Authentication boundary

The Rust service ships an in-binary auth stack (GitHub OAuth + opaque API tokens; magic-link sign-in is gated by config). The native auth is the boundary; a basic-auth layer in front of Caddy would double-prompt. Single-tenant deploys behave the same way — sign up as the first user and the operator surface is yours.

/healthz and /readyz are intentionally exposed without auth so uptime probes, load balancers, and orchestrators can hit them. /metrics on the public domain returns 404 — scrape it on the internal docker network instead.

The public status page (/status, /status/*, /api/public/*, /static/*, /robots.txt, /favicon.ico) is also unauthenticated by design — see Public status surface below.

See Authentication for the in-binary flow.

Email provider (Resend)

Transactional email (invitations, magic-link sign-in) goes through the EmailSender trait. Production uses Resend; dev and test default to the log provider, which writes the action URL to the tracing log so you can copy-paste it into a browser.

Setup:

Create a Resend account and verify your sending domain. Resend will give you DKIM and DMARC records to add to DNS.
Generate an API key with emails.send permission only.

Configure the service:

[email]
provider = "resend"
from_name = "Acme Status"
from_address = "no-reply@status.acme.test"

[email.resend]
api_key = "re_…"

Or via env: UPTIMEPAGE_EMAIL__PROVIDER=resend, UPTIMEPAGE_EMAIL__RESEND__API_KEY=re_….

auth.public_base_url must be set to the externally-reachable origin (e.g. https://status.acme.test); the value is embedded in the links the recipient receives.

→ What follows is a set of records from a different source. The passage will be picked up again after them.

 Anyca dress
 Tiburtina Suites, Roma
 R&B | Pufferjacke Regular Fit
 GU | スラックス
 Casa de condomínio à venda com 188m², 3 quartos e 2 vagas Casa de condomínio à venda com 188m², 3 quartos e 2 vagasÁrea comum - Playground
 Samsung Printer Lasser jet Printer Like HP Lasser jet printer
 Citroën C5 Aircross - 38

The factory rejects boot when provider = "resend" is set without a non-empty API key — fail-fast over send-time surprise.

Public status surface

The Caddyfile carries an @public matcher that short-circuits basic_auth for the public status paths and adds a per-IP rate limit (60 req/min) via the caddy-ratelimit plugin. The stock caddy:2-alpine image doesn’t include that plugin, so the production deployment uses a custom custom-caddy:2 image built with xcaddy:

docker build -t custom-caddy:2 - <<'EOF'
FROM caddy:2-builder AS builder
RUN xcaddy build --with github.com/mholt/caddy-ratelimit

FROM caddy:2-alpine
COPY --from=builder /usr/bin/caddy /usr/bin/caddy
EOF

Then point the caddy service in deployment/docker-compose.yml at custom-caddy:2. Full procedure (including the opt-out path that drops the rate-limit block) is in deployment/README.md.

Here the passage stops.